Mehmet Şimşek’in açıkladığı “ekonomik rasyonaliteye dönüş” vizyonundan sonra Cumhurbaşkanı Yardımcısı Cevdet Yılmaz, yeni bir açıklama yaptı. Eylül ayında ekonomide Orta Vadeli Plan’ın (OVP) ilan edileceğini, OVP’de finansal istikrar ve mali disiplinin temel alınacağını açıkladı.
“Finansal istikrar” ve “mali disiplin” söylemi, muhalefet tarafından “kemer sıkma programı” ve “IMF reçetesi” olarak eleştiriliyor. Ancak burada iki tane ciddi hata var.

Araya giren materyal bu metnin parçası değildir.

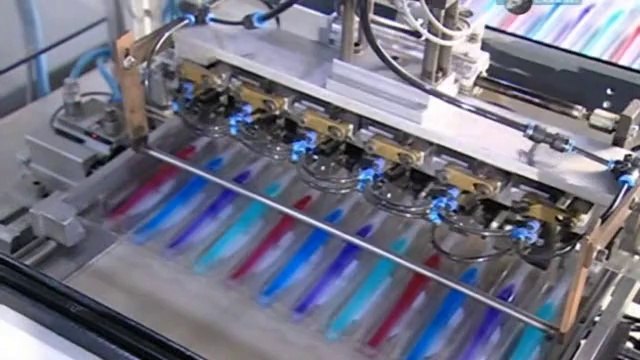 Diş Fırçası Yapımı How its made Nasıl yapılır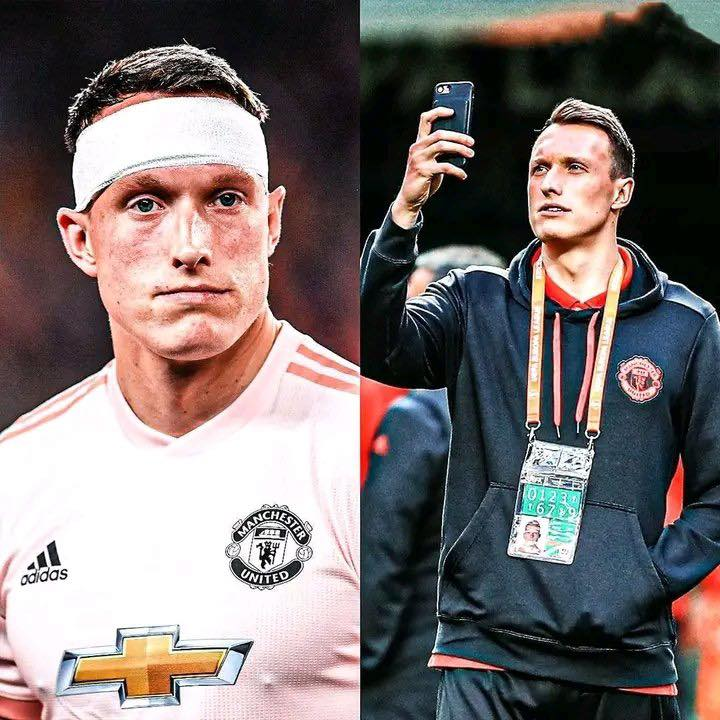 FootballFunnys on Twitter "In 21 days Phil Jones' contract and time at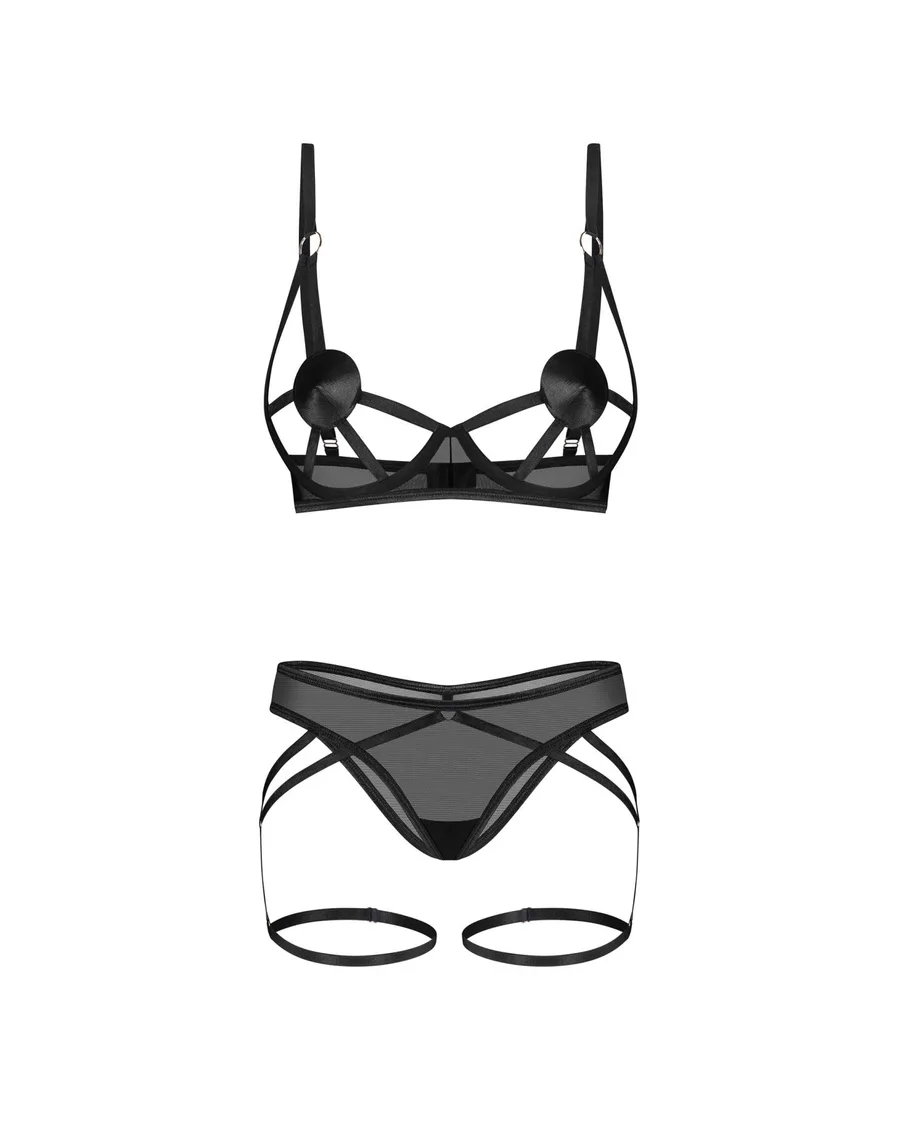 Комплект Obsessive Euridia 2-pcs set M/L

Birincisi, her “kemer sıkma programı” illa IMF ile birlikte uygulanmak zorunda değildir. Hatta IMF artık herhangi bir ülkenin iktidarıyla bu tür bir angajmana ender olarak giriyor.

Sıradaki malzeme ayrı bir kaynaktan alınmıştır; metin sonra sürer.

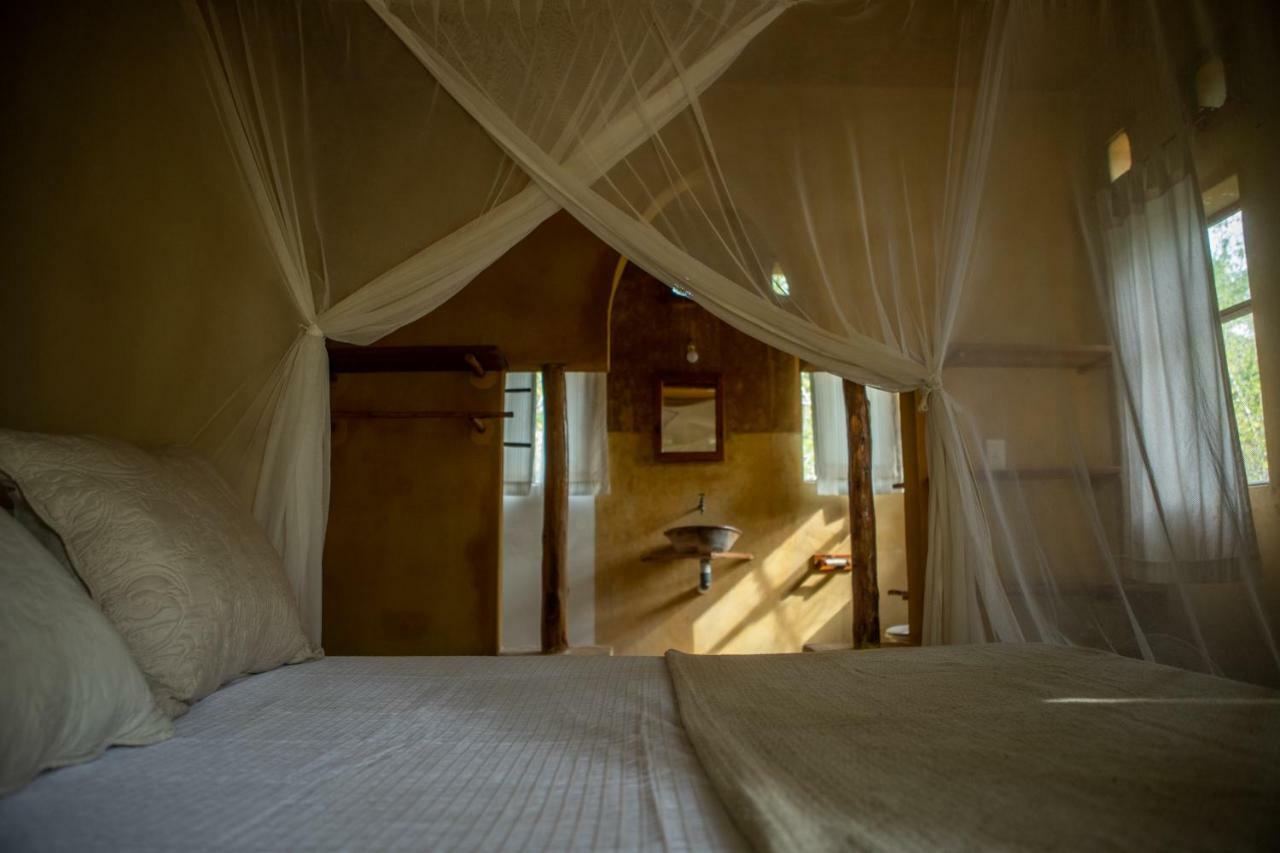 Turtle Cove Lodge And Yoga Shala Praia do Praia do Tofo Exteriér fotografie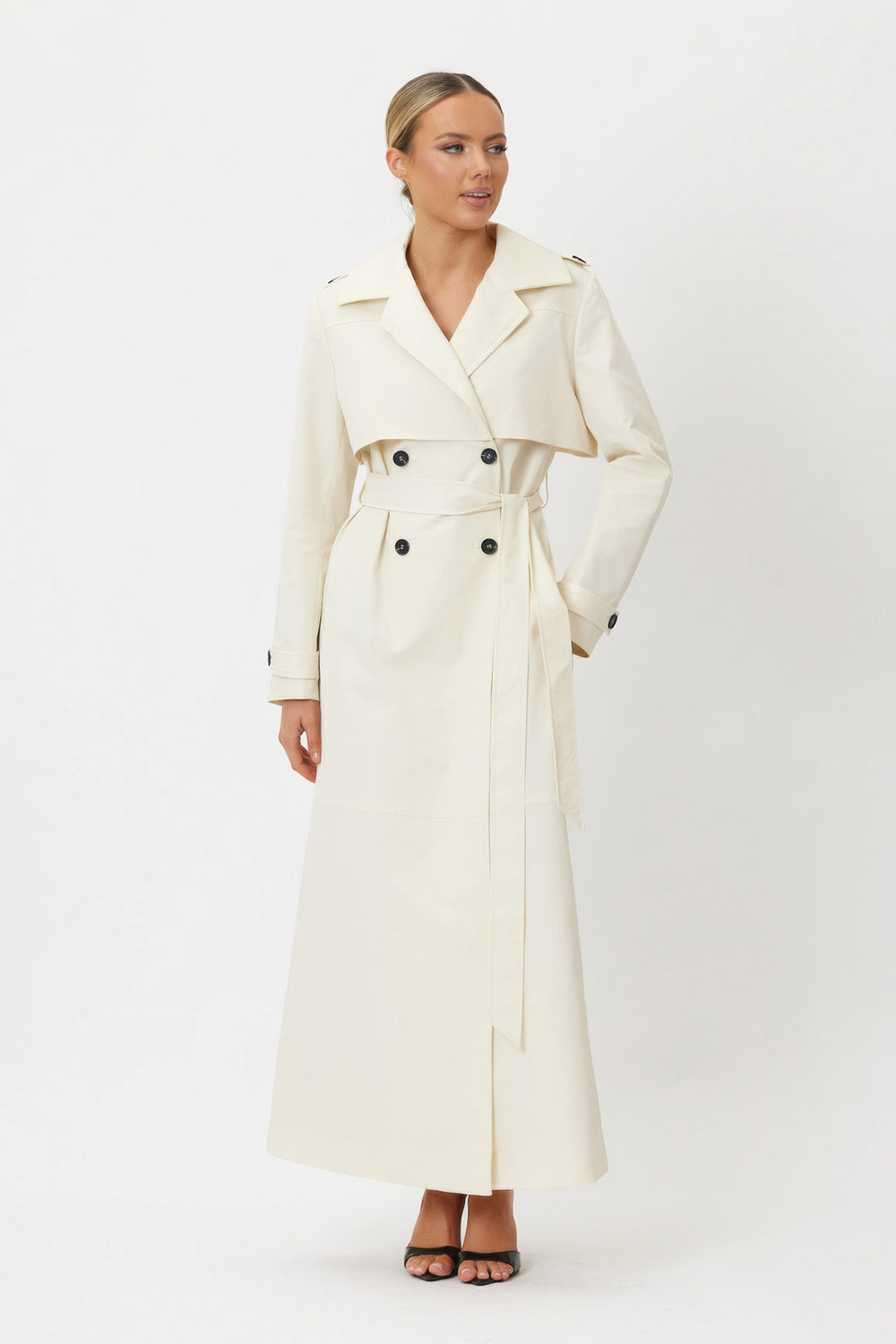 Sample W5SPY Coat White 6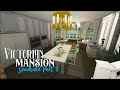 SPEEDBUILD PART 3 RENOVATING MY VICTORIAN MANSION Roblox Bloxburg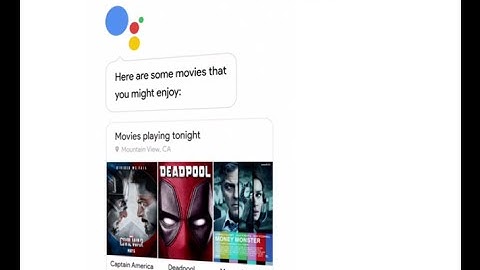 Google Assistant Demo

İkincisi, belli ki, Mehmet Şimşek ve Cevdet Yılmaz aynı şeylerden bahsetmemektedir. Hatta Cevdet Yılmaz’ın açıklamalarından çıkan sonuç, esas kemer sıkmanın 2024 Yerel Seçimlerinden sonra başlayacağı, önümüzdeki 9 ayın özellikle ikinci yarısında yeniden seçim ekonomisinin ön plana çıkacağıdır. Çünkü Cevdet Yılmaz, OVP için açıkça 2024 bütçesini işaret ediyor.
AKP “kemer sıkma” denen programı, “mali disiplin” ile değil, devalüasyon ile sağlıyor. Asgari ücret ve kamu ücretleri üzerinden örneklendirelim.

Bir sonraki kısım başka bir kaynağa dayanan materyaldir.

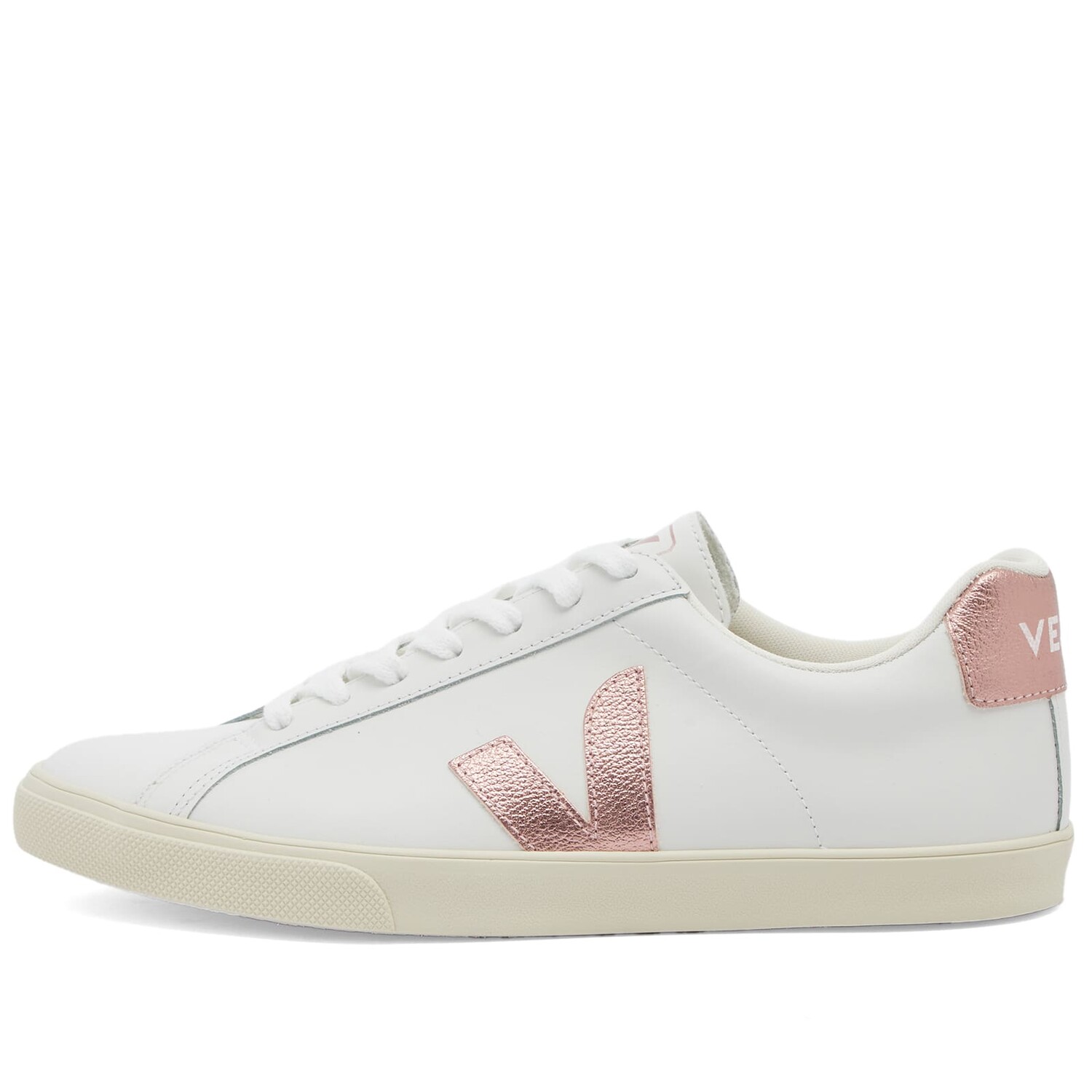 

Кроссовки Veja Womens Esplar Sneakers, цвет Extra White & Nacre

Şu anda “asgari ücret kaç dolar olmalı” tartışması var. Seçimden sonra doların fırlamasıyla asgari ücret 360 dolara kadar düştü. Belli ki “500 dolar” vaadi gerçekleşmeyecek. Temmuz ayında 400-450 bandında bir seviye belirlenecek. Aralık ayına kadar asgari ücret yeniden 350 dolara kadar düşecek. Yani dolar yine yükselecek.
Asgari ücretin, 2023 Temmuz ayından Aralık ayına kadar, 450 dolardan 350 dolara düşmesi için 1 ABD dolarının seviyesinin 23,5 TL’den 30 TL’ye kadar fırlaması gerekiyor. İhracat ve ithalat sektörü de planlarını buna göre yapıyor.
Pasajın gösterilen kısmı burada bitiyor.